• **YOUR TASK**
Copy task, pictures excluded: set down exactly the lines from the one containing "Suzuki Swift 2006 Car" to the end of the data below.
*** SUPPLIED INFORMATION ***
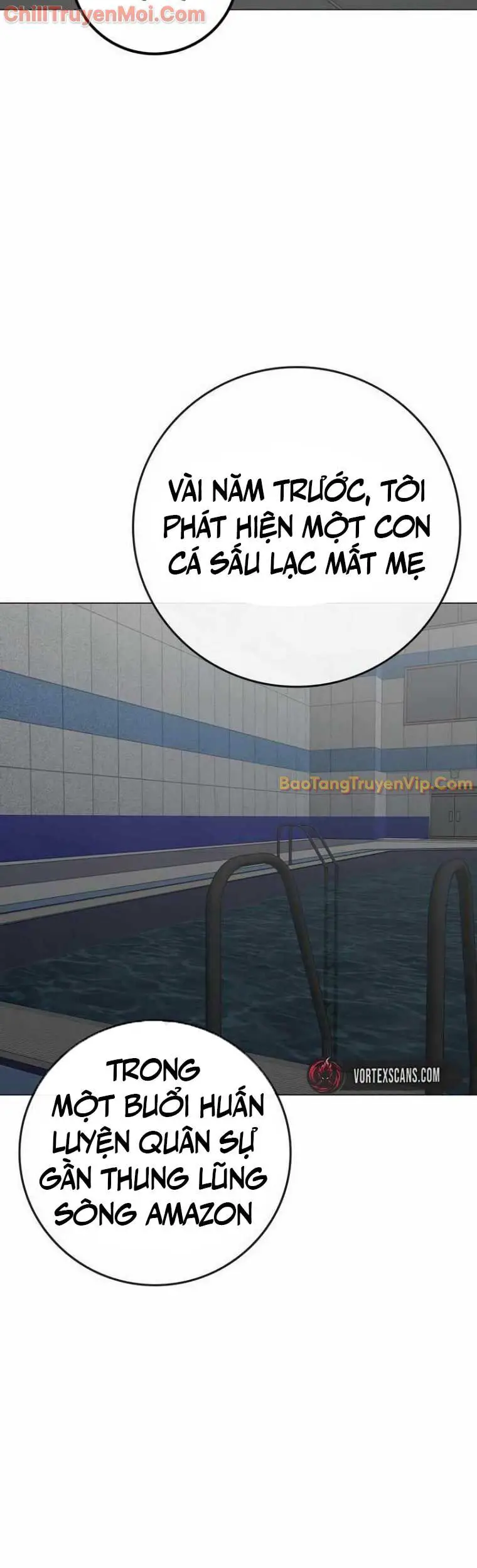 Nhiệm Vụ Đời Thật Nettruyen ZZZ Chương 158 Page 11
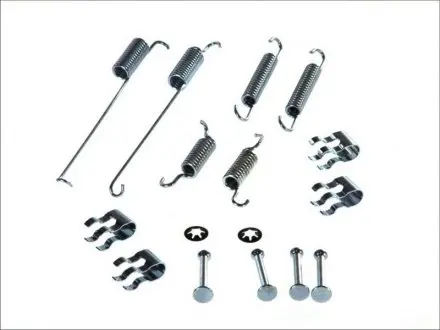 Комплектующие, тормозная колодка OJD (QUICK BRAKE) 105-0739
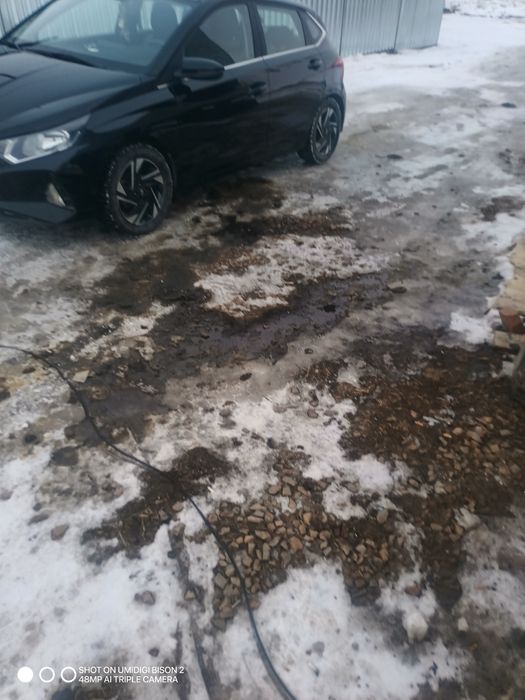 Машина на гарантии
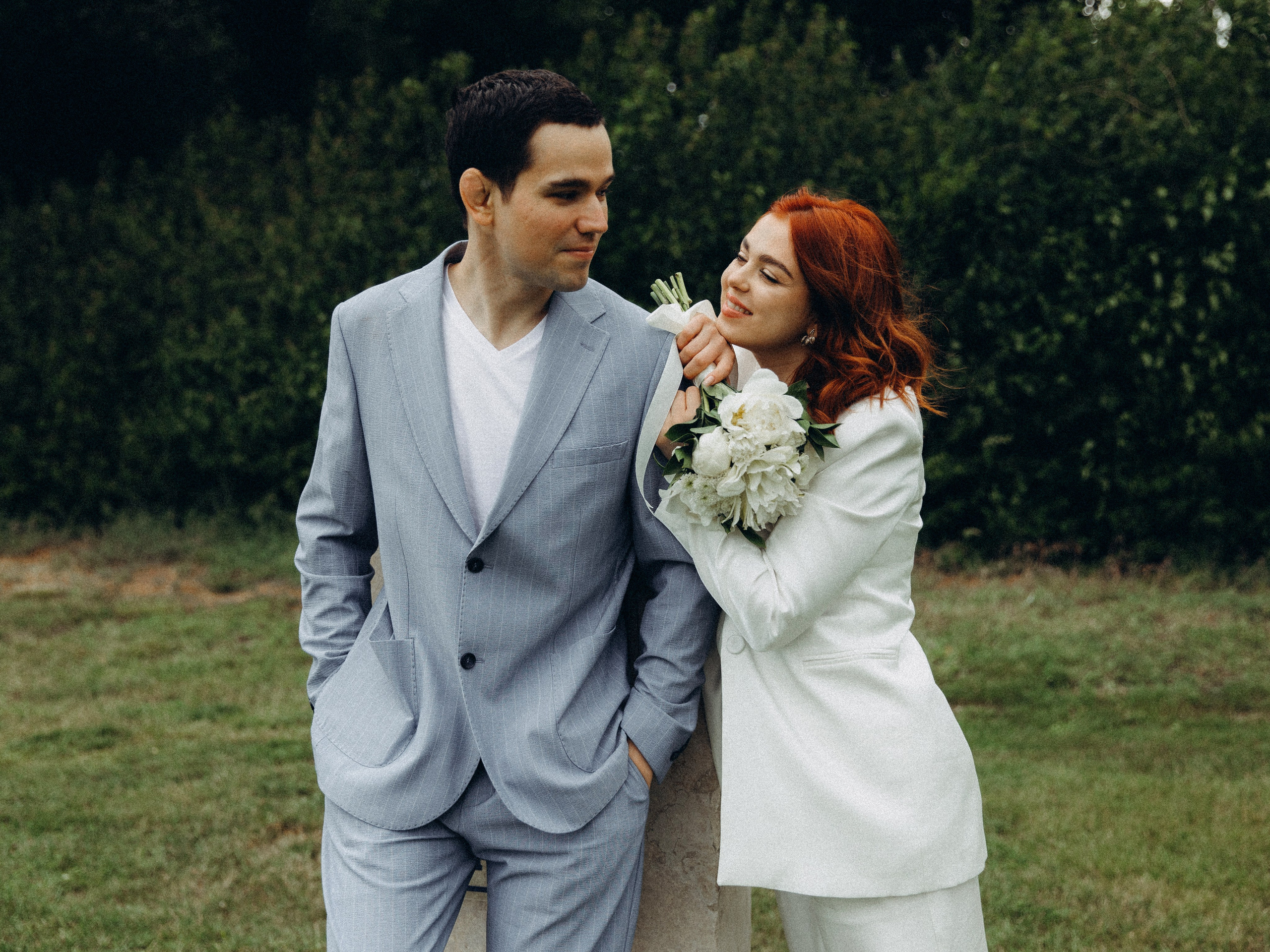 Карина и Рустам. Валерия Вартанова. Фотограф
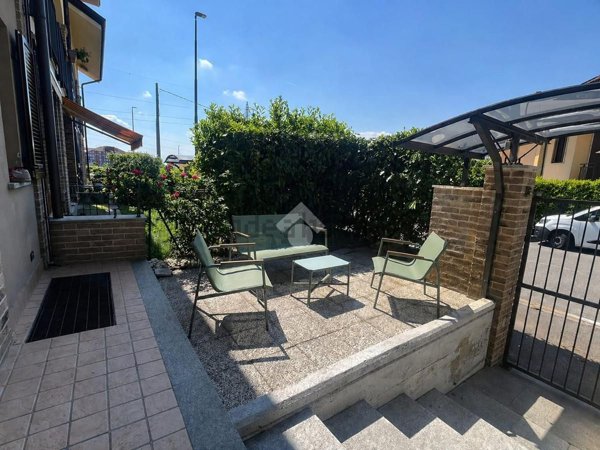 casa indipendente in vendita a San Maurizio Canavese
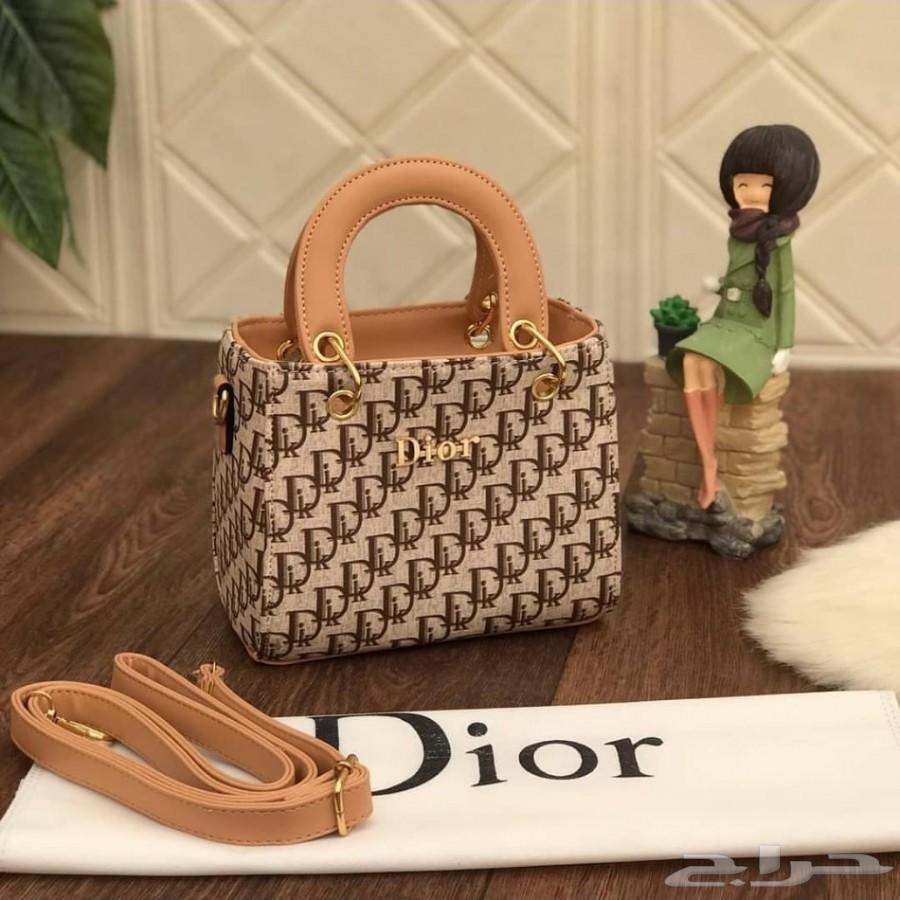 شنط نساىيه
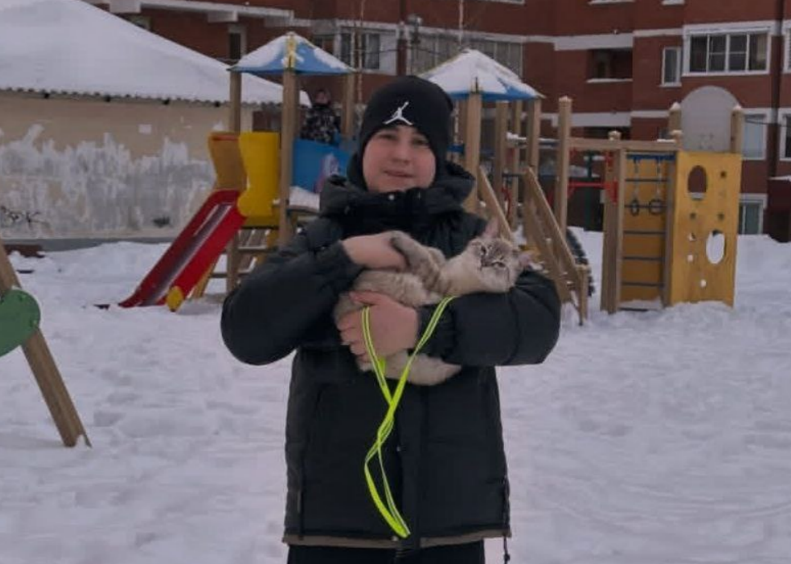 Юлия Колисниченко: Ролану скоро 14. Нужно рожать ещё детей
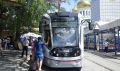 В Ростове восстановлена работа трамвайных маршрутов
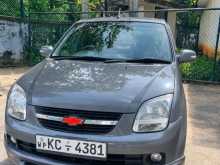 Suzuki Swift 2006 Car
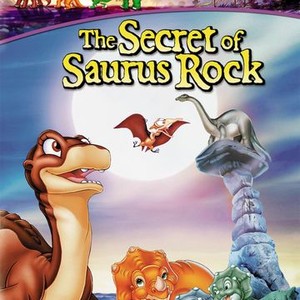 The Land Before Time VI: The Secret of Saurus Rock photo 7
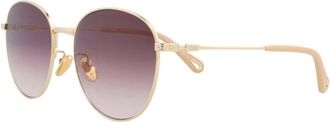 Chlo&eacute; Womens Ch0181sk 57Mm Sunglasses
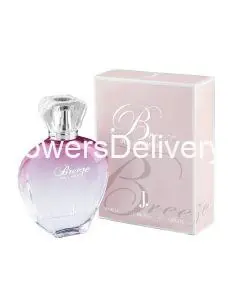 Junaid Jamshaid Breeze Perfume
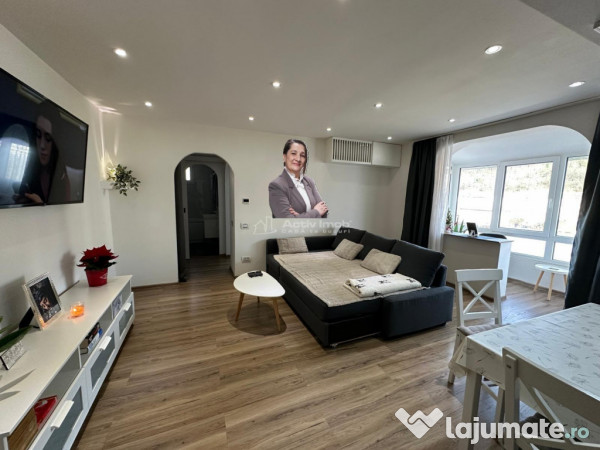 Resita,2 Cam.Cf.1 Semidec. Premium.Central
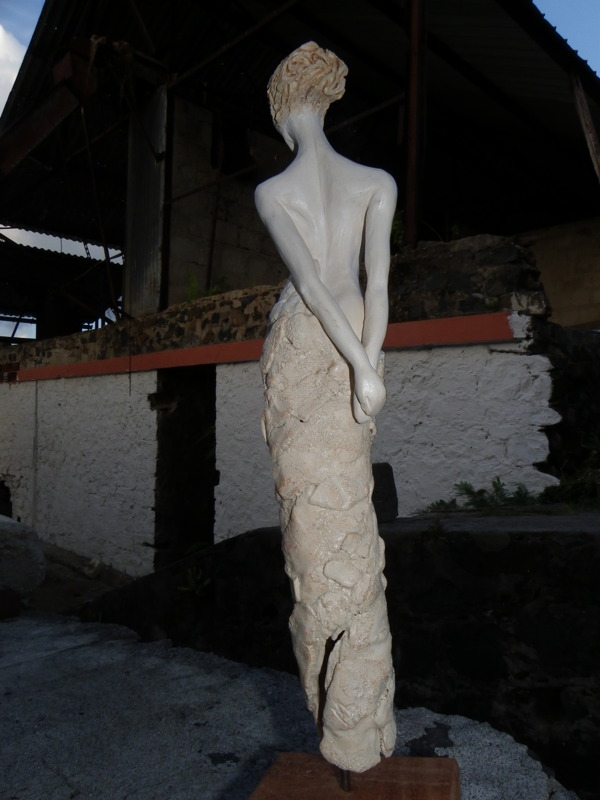 Maryline Cassius De Linval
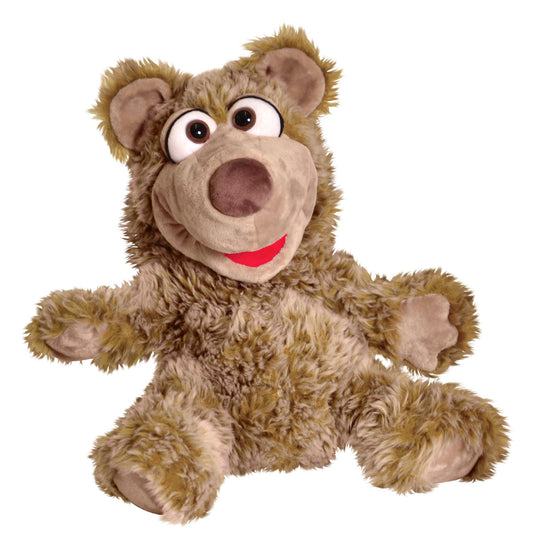 NEU!!! Living Puppets® - Bär Kito W648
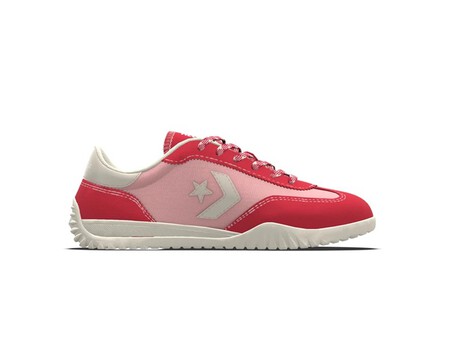 Nuevas Zapatillas Converse Bonitas Retro Samba Ligeras Elegantes Colores Coquette
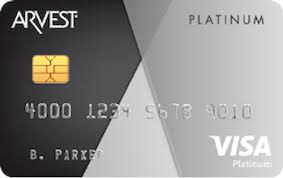 In addition to our standard debit card, arvest offers a variety of specialty card designs, allowing you to show support for various organizations, schools and activities. Arvest Bank Credit Cards Offers Reviews Faqs More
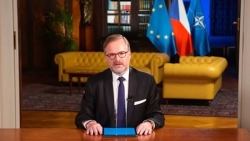 CH Czech không cử quan chức cấp bộ trưởng dự khai mạc Olympic mùa Đông 2022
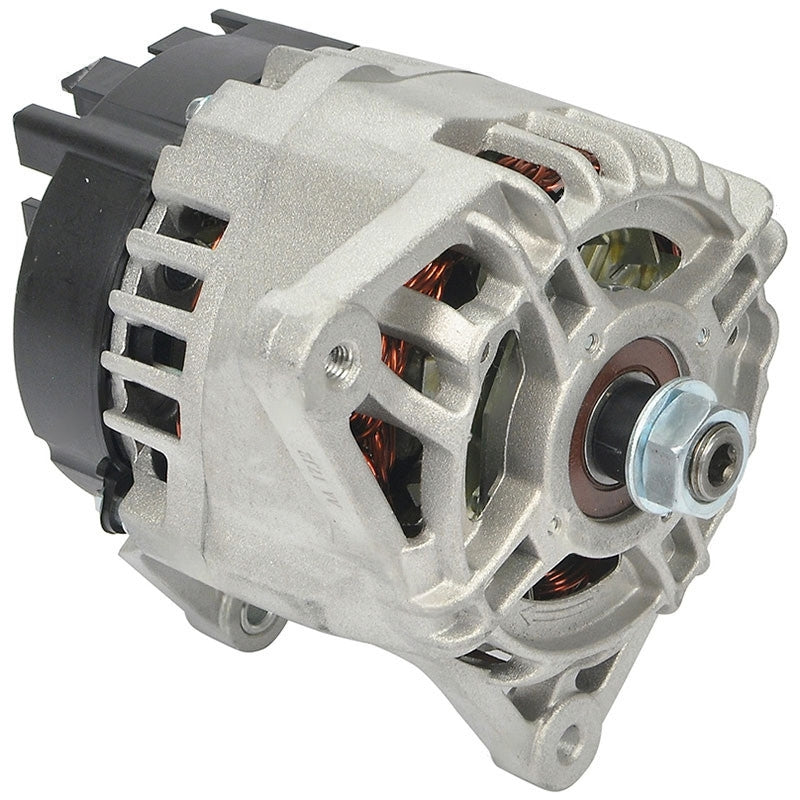 1588319-New Alternator (Brand New) For Hyster Forklifts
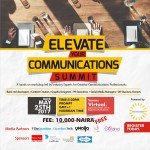 COMMUNICATIONS SUMMIT SET TO TRAIN YOUNG CREATIVE PROFESSIONALS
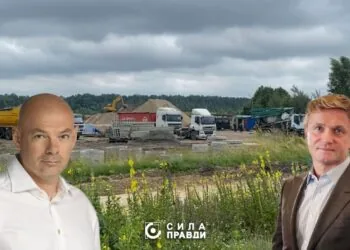 Інтерколесо Ігор Палиця Степан Івахів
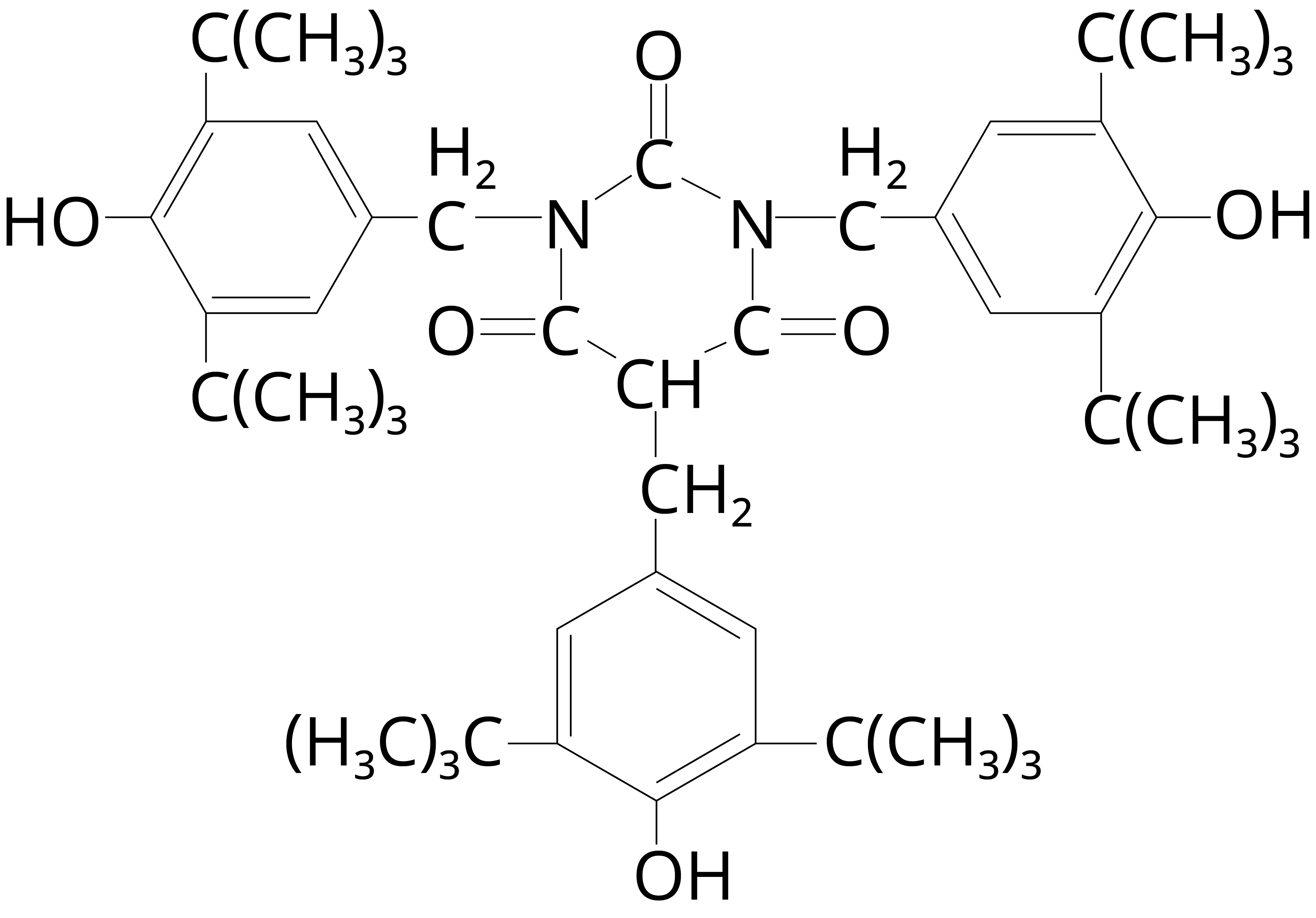 Chemical Structure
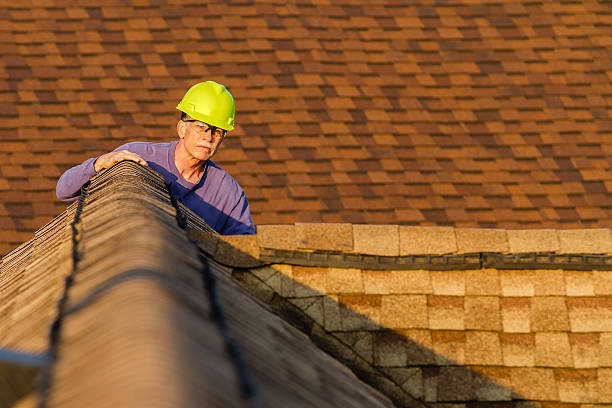 Heating Cable for Roof Installation in Ashford, AL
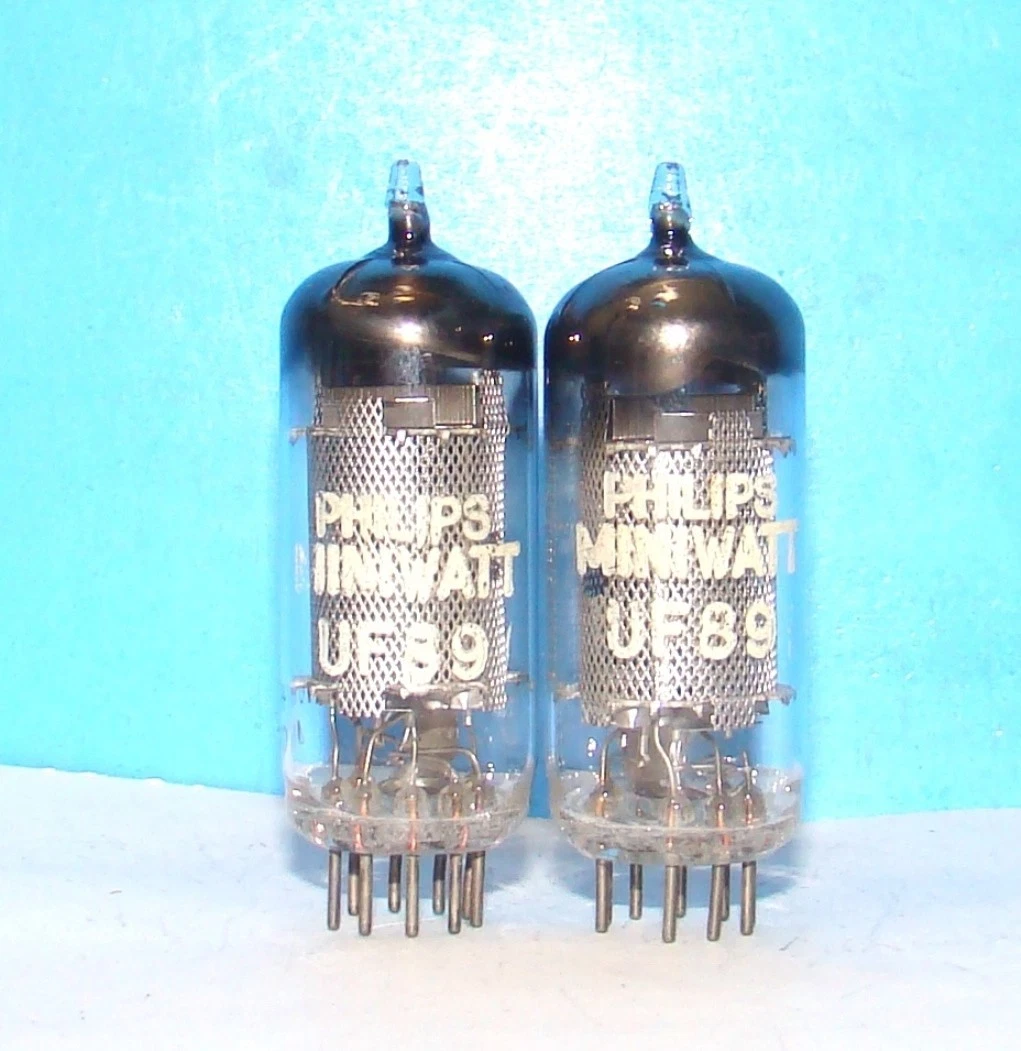 Philips 真空管| eBay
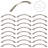 3 3/4" Center Arch Pull Multipack-42031788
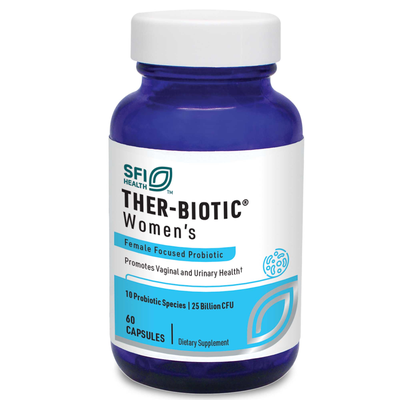 Ther-Biotic® Women's product image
*** End of SUPPLIED INFORMATION ***
• **ANSWER TO THE PROBLEM**
 Suzuki Swift 2006 Car
 The Land Before Time VI: The Secret of Saurus Rock photo 7
 Chlo&eacute; Womens Ch0181sk 57Mm Sunglasses
 Junaid Jamshaid Breeze Perfume
 Resita,2 Cam.Cf.1 Semidec. Premium.Central
 Maryline Cassius De Linval
 NEU!!! Living Puppets® - Bär Kito W648
 Nuevas Zapatillas Converse Bonitas Retro Samba Ligeras Elegantes Colores Coquette
 In addition to our standard debit card, arvest offers a variety of specialty card designs, allowing you to show support for various organizations, schools and activities. Arvest Bank Credit Cards Offers Reviews Faqs More
 CH Czech không cử quan chức cấp bộ trưởng dự khai mạc Olympic mùa Đông 2022
 1588319-New Alternator (Brand New) For Hyster Forklifts
 COMMUNICATIONS SUMMIT SET TO TRAIN YOUNG CREATIVE PROFESSIONALS
 Інтерколесо Ігор Палиця Степан Івахів
 Chemical Structure
 Heating Cable for Roof Installation in Ashford, AL
 Philips 真空管| eBay
 3 3/4" Center Arch Pull Multipack-42031788
 Ther-Biotic® Women's product image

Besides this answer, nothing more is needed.